• PROVIDED RECORDS:
---*---

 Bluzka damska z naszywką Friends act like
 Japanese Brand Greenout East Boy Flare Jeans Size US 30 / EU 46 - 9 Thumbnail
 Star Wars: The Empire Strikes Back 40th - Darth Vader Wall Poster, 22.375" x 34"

---*---

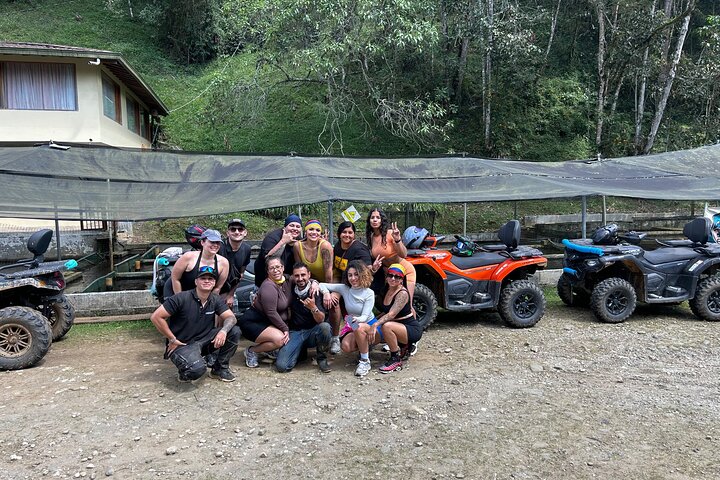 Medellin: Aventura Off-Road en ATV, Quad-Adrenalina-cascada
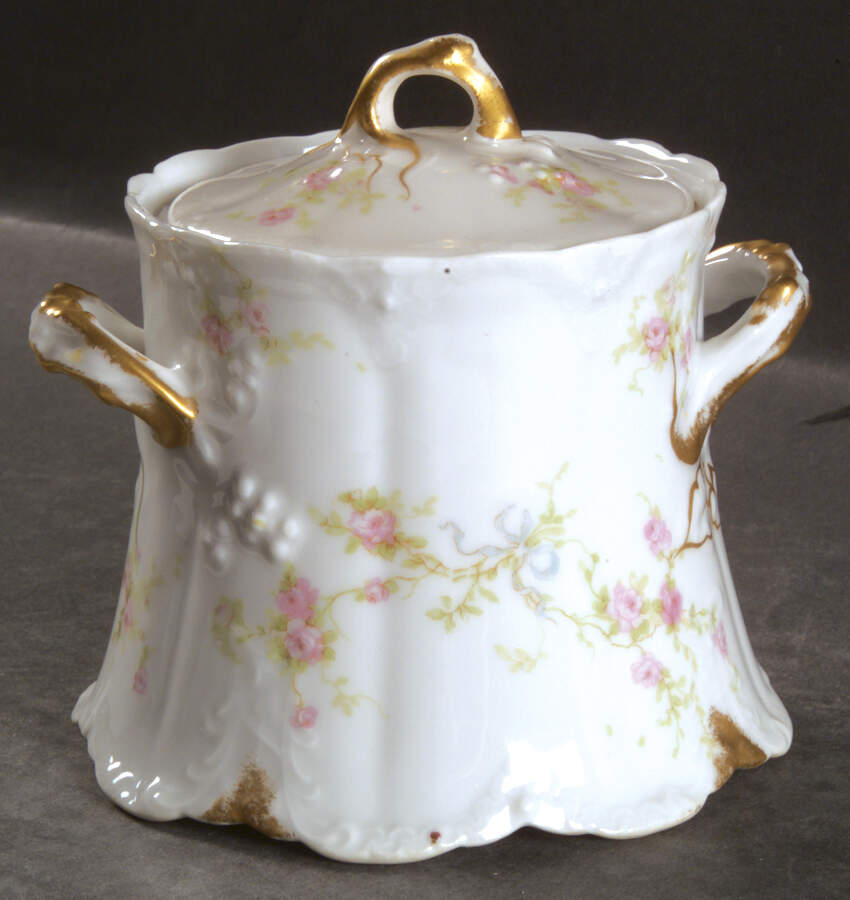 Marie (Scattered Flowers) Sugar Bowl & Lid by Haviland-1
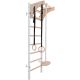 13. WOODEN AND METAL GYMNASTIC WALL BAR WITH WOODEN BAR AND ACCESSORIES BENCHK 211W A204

---*---

• YOUR OBJECTIVE: Look above for the line with "Medellin: Aventura Off-Road" and the line with "13. WOODEN AND", then copy exactly the lines from the first through the second, both kept, with no pictures.

• RESULT OF THIS TASK:
 Medellin: Aventura Off-Road en ATV, Quad-Adrenalina-cascada
 Marie (Scattered Flowers) Sugar Bowl & Lid by Haviland-1
 13. WOODEN AND METAL GYMNASTIC WALL BAR WITH WOODEN BAR AND ACCESSORIES BENCHK 211W A204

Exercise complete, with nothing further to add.